■ Data extract:
◇ ◇ ◇ ◇ ◇ ◇ ◇
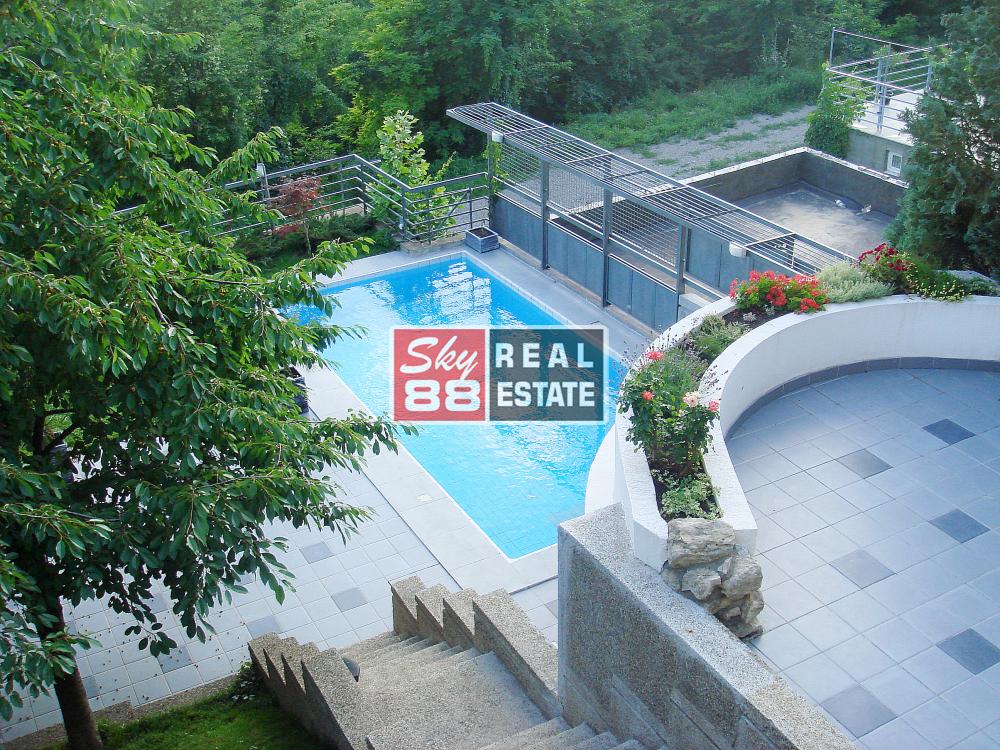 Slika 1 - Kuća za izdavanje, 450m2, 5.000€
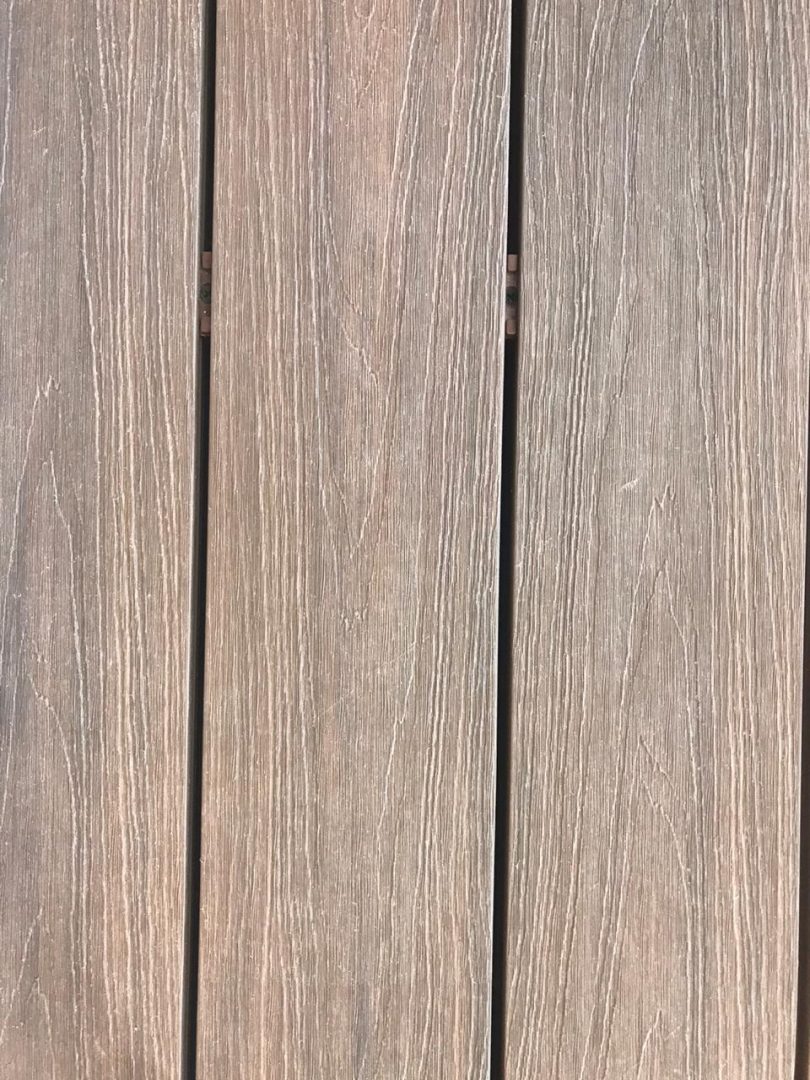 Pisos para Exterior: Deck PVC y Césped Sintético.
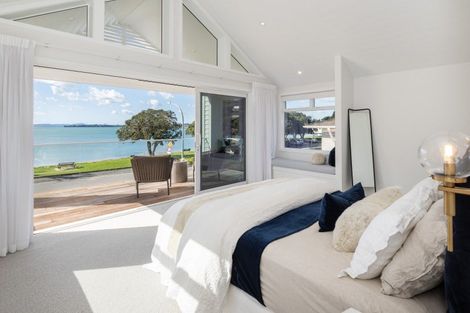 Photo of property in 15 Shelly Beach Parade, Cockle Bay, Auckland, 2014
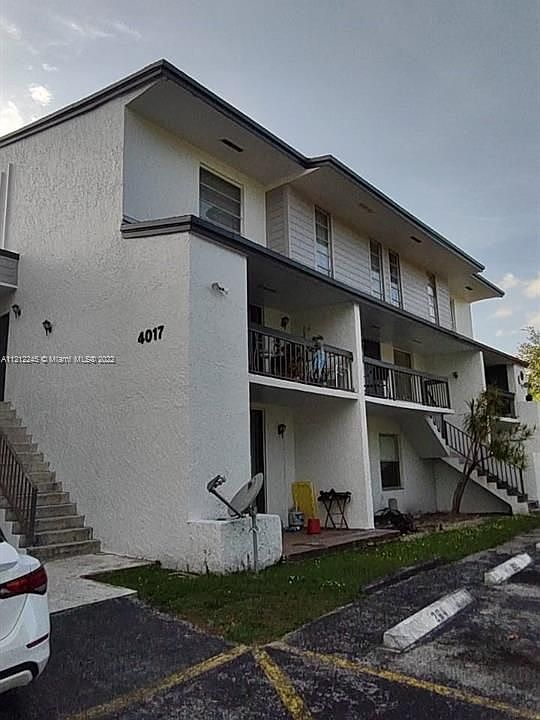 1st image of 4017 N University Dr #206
◇ ◇ ◇ ◇ ◇ ◇ ◇
■ Exercise:
The answer must be the lines above from the line that contains "Photo of property" to the final line of the data, word for word, with no pictures.

■ Exercise solution:
 Photo of property in 15 Shelly Beach Parade, Cockle Bay, Auckland, 2014
 1st image of 4017 N University Dr #206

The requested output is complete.